Data items:
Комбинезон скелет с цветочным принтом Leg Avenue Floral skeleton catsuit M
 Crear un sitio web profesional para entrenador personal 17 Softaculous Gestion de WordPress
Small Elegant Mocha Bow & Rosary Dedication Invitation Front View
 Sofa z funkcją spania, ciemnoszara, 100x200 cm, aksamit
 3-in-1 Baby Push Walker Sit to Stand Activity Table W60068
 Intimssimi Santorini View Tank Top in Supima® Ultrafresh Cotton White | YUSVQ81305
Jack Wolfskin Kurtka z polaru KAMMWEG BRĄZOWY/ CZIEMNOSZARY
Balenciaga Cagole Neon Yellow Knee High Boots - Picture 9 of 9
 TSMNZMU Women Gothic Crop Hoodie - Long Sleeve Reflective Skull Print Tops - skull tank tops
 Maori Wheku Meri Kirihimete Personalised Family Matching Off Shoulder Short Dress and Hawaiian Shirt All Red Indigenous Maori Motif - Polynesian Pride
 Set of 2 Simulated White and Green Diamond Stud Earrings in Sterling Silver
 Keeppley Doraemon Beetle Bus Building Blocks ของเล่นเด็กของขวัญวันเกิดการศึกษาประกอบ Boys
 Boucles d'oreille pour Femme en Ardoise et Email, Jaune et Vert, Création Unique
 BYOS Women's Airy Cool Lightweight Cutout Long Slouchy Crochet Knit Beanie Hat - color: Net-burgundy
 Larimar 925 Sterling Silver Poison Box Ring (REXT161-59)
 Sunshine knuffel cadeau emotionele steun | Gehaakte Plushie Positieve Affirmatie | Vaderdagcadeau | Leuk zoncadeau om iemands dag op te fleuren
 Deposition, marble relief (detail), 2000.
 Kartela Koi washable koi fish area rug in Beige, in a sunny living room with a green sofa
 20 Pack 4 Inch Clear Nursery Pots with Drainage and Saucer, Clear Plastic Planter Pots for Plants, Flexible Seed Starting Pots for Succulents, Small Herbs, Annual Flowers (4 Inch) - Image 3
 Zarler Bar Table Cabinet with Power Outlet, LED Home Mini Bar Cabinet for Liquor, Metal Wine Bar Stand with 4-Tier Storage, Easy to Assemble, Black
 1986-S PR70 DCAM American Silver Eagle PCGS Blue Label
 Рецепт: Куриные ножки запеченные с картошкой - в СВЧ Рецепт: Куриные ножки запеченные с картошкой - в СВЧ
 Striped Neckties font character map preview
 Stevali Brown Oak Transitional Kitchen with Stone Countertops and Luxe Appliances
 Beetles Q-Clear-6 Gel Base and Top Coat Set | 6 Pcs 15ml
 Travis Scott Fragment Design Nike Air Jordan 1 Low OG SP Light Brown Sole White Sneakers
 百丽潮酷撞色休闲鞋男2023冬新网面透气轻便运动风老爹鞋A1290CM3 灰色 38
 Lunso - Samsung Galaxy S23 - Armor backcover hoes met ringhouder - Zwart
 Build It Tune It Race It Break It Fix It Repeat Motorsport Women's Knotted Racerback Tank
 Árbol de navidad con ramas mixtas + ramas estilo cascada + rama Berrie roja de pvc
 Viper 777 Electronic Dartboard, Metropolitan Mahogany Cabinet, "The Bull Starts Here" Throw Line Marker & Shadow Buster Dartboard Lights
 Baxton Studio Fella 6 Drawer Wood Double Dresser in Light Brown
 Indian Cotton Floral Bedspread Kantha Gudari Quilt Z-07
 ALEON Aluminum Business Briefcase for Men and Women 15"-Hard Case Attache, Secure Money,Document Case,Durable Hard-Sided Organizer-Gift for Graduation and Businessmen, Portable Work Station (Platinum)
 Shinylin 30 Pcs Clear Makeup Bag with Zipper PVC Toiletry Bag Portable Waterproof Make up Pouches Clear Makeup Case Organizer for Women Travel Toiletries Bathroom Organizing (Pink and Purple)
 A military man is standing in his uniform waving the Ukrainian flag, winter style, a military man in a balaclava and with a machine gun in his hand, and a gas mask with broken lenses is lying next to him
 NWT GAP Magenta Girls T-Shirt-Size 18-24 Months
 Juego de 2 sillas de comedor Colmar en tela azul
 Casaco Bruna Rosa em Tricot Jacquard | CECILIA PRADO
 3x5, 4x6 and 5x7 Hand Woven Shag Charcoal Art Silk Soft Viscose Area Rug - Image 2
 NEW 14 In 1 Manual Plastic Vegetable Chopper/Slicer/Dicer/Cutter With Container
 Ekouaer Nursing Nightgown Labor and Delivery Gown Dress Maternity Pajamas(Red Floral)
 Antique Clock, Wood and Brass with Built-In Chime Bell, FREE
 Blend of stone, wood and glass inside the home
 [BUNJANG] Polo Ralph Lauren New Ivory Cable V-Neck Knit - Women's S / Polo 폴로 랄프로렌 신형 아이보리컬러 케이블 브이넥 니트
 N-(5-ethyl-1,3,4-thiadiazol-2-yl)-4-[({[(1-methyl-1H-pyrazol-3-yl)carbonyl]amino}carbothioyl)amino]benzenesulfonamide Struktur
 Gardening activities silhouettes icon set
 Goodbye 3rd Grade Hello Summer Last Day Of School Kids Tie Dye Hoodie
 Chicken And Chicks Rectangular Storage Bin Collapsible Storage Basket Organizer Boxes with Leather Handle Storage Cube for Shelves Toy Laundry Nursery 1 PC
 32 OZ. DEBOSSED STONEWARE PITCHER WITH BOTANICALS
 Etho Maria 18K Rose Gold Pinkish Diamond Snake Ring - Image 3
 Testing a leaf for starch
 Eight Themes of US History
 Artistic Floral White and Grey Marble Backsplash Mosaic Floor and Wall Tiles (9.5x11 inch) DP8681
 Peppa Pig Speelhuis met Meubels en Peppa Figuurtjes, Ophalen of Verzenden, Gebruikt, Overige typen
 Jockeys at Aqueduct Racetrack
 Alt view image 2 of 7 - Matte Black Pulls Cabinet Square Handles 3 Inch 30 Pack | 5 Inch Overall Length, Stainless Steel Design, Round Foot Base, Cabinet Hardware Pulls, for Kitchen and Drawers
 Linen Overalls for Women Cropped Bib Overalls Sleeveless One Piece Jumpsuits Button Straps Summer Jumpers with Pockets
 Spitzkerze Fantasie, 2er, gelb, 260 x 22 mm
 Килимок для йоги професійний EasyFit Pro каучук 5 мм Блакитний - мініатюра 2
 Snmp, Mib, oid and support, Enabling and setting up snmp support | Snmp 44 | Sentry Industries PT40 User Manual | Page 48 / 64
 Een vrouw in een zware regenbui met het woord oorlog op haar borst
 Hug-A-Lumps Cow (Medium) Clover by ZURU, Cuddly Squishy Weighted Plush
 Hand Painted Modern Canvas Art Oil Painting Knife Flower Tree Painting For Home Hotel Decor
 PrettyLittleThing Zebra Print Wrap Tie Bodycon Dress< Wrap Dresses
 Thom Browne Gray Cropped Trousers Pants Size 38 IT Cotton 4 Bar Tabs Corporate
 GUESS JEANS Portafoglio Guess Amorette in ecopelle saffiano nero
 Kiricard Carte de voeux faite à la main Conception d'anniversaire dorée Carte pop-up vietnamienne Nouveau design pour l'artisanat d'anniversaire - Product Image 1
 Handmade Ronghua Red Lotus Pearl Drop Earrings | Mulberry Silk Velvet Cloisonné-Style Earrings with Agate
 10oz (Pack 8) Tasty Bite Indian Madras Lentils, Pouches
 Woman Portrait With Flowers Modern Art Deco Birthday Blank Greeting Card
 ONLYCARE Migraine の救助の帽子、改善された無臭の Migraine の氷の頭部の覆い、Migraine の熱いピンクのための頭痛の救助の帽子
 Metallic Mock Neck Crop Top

_Task requirements:_
Wherever "Modern" appears in a line of the entries, copy that line.

_Reply:_
 Hand Painted Modern Canvas Art Oil Painting Knife Flower Tree Painting For Home Hotel Decor
 Woman Portrait With Flowers Modern Art Deco Birthday Blank Greeting Card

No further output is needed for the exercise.